Dört yıl sonra, İran hükümeti Hz. Bab’a inananlara yönelik acımasız zulümlere başlayınca, Hz. Tahire Tahran’da gözaltına alındı. İnancından vazgeçmeyi reddedince idam edildi; ölürken telaffuz ettiği sözleri bir sonar ki yüzyıl boyunca da yankılanmaya devam etti: “istediğiniz zaman beni öldürebilirsiniz, ama kadınların özgürleşmesine asla engel olamazsınız.”

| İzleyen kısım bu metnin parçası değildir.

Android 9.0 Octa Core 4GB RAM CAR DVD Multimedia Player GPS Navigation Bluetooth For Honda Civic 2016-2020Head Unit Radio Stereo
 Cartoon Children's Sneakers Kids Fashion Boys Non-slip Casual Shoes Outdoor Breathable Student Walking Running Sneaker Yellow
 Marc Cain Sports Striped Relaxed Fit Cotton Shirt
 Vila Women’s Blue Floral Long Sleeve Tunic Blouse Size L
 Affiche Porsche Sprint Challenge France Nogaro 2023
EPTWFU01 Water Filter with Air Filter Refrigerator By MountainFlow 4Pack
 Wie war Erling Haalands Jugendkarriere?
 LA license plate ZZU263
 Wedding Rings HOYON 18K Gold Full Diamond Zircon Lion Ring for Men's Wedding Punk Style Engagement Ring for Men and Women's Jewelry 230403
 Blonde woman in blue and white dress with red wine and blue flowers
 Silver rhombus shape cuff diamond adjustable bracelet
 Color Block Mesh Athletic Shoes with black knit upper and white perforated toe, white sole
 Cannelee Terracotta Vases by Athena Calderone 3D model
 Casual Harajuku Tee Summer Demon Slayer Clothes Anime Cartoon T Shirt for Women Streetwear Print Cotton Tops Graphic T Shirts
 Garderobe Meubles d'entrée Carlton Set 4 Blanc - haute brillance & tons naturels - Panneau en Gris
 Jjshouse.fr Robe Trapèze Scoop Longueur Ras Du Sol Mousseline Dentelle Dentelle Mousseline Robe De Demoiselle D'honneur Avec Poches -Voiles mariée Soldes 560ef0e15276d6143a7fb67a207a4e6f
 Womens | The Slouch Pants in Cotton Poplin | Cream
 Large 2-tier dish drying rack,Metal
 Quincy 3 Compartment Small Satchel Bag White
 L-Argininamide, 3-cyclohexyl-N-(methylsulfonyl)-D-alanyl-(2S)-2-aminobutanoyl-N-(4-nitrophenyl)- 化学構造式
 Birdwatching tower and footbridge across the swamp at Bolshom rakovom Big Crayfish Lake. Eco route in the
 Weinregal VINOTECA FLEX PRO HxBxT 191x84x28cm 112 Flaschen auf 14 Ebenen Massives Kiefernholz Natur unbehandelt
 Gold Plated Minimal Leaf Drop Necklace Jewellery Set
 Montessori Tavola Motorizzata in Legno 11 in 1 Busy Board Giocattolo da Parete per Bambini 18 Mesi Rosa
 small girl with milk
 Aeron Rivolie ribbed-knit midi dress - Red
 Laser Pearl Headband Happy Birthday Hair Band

‘Güneşin Kızı’ oyunu, Hz. Tahire’nin birçok nesli etkisi altına almış bir özelliği olan emsalsiz cesaretini vurgulamaktadır. Hz. Tahire’yi oynayan Nigar Aliyeva: “Hz. Tahire oyunda “Ben Zerrin Taç olarak doğdum, ama Tahire olarak yaşadım” demişti. Hz. Tahire rolünü oynarken ben de değiştiğimi hissettim. Artık daha önce olduğum kişi değilim. Şimdi hayatımın düsturu şudur: “Nigar olarak doğdum, ama Hz. Tahire olarak yaşayacağım.”
Gösterimden sonra izleyicilerden birisi şu yorumu yapmıştır:
“Şimdi ne kadar cesur olmamız gerektiğini, baskı ve zulüm karşısında sesimizi nasıl yükseltmek zorunda olduğumuzu anlıyorum.”
19.yy. Batılı Doğu bilimcileri, onun edebiyat ve cinsiyet eşitliği üzerinde ki etkisi hakkında çok yazdılar. Sayısız akademik makaleleri, kitapları ve üç ciltlik şiirlerini İngilizceye çevirdiler.
Oyun ve roman yazarları, müzisyenler ve film yapımcıları onun yaşamından ve kişiliğinden ilham alan eserler yarattılar.
Hz. Tahire, Farsça, Arapça Kazvin ve çevresinde yaygın konuşulan bir dil olan Azerice yazmıştır. (Alıntıdır). (18.07.2018, Bakü-Azerbaycan)
Bilgi; Bu makalenin İngilizcesi; >http://news.bahai.org/story/1276/<
Tecavüze uğrayan, öldürülen kadınlarımız anısına,
Saygılarımla…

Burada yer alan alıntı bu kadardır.